Contrairement aux mutations H3K27M et H3K36M, qui modifient chimiquement le comportement des enzymes par inhibition ou modulation allostérique, les oncohistones G34X fonctionnent par interférence physique. En effet, la glycine, un acide aminé de petite taille, est remplacée par un résidu volumineux tel que le tryptophane, créant ainsi un obstacle stérique. De plus, les mutations G34X se produisent exclusivement sur les histones H3.3, ce qui pourrait indiquer que leur emplacement sur la chromatine est crucial pour la pathogenèse. Lorsque l'enzyme SETD2 est recrutée pour tri-méthyler K36, le résidu désormais volumineux bloque physiquement cette réaction. Ce phénomène est connu sous le nom d'« inhibition stérique », se référant à l'arrangement spatial d'une molécule. Cela entraîne une perte locale de tri-méthylation K36 au niveau des gènes activement transcrits, provoquant une méthylation aberrante de K27 par PRC2 et, par conséquent, une réduction du silence de ces loci (Fig. 2C).

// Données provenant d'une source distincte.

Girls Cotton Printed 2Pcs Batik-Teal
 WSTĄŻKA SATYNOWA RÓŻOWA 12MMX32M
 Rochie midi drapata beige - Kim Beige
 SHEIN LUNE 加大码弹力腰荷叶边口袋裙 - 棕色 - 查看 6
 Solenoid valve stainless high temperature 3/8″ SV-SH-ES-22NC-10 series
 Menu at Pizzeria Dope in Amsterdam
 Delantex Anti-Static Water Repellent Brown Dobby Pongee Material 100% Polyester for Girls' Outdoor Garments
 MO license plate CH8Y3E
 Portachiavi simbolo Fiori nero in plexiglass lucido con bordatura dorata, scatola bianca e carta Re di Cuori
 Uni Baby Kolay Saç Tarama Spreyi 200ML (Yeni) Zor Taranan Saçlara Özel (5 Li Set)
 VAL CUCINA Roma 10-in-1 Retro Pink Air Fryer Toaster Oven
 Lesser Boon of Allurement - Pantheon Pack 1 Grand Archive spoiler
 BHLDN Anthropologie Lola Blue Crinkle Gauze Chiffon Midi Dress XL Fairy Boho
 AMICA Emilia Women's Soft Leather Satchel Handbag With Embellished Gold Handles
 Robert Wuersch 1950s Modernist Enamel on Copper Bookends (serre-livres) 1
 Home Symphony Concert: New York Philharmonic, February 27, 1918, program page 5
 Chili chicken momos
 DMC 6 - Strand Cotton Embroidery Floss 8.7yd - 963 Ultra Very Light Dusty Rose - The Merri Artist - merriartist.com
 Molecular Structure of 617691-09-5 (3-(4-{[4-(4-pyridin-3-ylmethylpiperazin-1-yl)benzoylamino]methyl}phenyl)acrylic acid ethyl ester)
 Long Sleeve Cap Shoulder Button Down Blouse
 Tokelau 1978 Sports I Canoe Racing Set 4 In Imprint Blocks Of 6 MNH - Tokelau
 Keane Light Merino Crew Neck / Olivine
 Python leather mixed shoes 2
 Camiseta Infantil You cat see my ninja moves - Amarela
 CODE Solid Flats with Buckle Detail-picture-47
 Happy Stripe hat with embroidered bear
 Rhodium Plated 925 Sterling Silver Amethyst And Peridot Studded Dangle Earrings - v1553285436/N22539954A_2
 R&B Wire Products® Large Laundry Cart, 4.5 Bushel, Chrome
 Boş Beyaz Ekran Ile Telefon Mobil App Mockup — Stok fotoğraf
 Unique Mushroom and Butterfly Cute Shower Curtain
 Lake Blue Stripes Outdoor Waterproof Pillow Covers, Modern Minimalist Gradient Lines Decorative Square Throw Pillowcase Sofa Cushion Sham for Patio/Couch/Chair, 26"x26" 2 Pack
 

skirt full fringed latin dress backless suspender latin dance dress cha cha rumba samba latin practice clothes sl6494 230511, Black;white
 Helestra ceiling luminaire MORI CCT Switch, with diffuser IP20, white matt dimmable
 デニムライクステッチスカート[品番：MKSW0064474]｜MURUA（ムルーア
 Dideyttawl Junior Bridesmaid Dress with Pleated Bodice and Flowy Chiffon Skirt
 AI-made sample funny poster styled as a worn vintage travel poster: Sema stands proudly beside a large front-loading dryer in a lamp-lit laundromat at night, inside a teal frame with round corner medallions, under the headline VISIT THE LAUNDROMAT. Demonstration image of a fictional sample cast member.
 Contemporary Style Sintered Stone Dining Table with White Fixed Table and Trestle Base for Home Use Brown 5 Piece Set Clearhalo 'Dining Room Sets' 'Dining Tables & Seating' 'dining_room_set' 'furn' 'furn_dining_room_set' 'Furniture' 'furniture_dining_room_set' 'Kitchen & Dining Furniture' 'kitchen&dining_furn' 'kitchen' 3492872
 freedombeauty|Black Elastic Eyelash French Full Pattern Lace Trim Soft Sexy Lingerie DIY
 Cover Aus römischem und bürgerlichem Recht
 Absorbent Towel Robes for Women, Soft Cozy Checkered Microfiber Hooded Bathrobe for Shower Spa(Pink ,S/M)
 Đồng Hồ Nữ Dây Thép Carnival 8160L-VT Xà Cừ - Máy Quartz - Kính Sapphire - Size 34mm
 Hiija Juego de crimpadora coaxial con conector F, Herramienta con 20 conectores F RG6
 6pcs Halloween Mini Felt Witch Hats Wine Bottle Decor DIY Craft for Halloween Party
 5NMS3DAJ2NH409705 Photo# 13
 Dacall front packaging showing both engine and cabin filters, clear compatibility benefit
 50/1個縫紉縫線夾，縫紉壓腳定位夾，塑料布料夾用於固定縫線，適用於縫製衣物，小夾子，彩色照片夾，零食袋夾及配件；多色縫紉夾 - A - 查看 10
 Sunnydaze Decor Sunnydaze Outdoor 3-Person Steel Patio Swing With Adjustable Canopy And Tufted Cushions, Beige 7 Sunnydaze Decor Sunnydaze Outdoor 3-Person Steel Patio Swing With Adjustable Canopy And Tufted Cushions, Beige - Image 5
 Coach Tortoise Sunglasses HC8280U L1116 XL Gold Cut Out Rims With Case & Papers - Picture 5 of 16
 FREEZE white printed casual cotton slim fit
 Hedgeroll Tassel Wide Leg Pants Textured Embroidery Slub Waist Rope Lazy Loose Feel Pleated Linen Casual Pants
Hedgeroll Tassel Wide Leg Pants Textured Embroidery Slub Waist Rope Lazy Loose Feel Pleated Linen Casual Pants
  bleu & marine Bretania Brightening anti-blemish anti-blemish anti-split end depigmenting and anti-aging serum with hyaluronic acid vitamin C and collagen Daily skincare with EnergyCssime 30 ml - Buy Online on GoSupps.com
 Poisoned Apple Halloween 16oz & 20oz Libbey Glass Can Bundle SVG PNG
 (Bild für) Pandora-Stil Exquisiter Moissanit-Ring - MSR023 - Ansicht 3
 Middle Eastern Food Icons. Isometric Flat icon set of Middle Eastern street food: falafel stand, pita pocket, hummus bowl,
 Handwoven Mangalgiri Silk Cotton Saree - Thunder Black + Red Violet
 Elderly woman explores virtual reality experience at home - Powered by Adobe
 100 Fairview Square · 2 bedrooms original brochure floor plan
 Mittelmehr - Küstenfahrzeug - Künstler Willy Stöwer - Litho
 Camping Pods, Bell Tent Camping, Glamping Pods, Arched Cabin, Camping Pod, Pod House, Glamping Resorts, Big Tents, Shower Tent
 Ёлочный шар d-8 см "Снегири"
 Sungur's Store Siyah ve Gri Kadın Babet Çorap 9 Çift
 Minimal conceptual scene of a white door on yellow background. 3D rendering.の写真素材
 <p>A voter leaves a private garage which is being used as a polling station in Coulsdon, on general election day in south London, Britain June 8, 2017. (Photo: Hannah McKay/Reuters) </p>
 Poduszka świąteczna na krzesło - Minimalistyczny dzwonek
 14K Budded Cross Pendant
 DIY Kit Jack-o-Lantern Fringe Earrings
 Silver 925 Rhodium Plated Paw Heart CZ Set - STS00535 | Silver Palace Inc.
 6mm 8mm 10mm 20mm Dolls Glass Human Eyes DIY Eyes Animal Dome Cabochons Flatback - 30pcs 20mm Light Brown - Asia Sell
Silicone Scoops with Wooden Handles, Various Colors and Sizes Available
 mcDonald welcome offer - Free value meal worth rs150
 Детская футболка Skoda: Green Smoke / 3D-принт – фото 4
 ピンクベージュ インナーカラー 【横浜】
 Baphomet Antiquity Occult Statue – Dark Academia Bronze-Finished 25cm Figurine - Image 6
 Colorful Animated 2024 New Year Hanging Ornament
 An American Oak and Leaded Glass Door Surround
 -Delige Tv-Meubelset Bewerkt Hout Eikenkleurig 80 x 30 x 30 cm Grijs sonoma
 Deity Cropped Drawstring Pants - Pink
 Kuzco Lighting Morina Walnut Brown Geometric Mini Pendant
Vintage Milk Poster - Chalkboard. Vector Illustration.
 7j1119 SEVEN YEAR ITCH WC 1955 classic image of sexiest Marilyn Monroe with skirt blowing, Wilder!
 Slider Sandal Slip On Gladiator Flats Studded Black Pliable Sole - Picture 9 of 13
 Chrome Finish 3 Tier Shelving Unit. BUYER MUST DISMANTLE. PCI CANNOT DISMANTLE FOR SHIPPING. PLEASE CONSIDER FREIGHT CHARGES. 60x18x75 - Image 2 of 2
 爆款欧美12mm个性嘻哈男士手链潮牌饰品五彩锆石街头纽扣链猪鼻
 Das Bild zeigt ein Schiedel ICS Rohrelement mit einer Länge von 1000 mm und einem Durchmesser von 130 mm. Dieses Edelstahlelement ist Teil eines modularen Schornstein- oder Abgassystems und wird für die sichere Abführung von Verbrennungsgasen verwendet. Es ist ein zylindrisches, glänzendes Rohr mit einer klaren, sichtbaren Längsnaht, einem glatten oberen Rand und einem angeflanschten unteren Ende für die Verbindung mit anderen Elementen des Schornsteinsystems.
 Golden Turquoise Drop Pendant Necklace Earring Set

Dans les tumeurs osseuses à cellules géantes (GCTB), la mutation H3.3G34W induit des changements transcriptionnels qui entraînent une résorption osseuse anormale (dégradation osseuse) et une invasion locale des tissus osseux environnants, caractéristiques de cette entité tumorale (Jain et al., 2020 ; Khazaei et al., 2020). D'autres études sur les oncohistones G34 continuent d'élucider leur fonction dans diverses maladies, telles que la neurodégénérescence, et leurs mécanismes pathologiques établissent un lien entre la méthylation aberrante des histones et les schémas de méthylation de l'ADN (Khazaei et al., 2023).
Dans l'ensemble, cet équilibre complexe entre les modifications des histones, connu collectivement sous le nom de « code des histones » (Allis et Strahl, 2000), demeure un domaine de recherche actif. L'expression génique n'est pas uniquement contrôlée par la présence ou l'absence d'une marque d'histone spécifique, mais également par sa concentration et sa dilution relatives sur la chromatine, ainsi que par son interaction avec le reste de la boîte à outils épigénétique.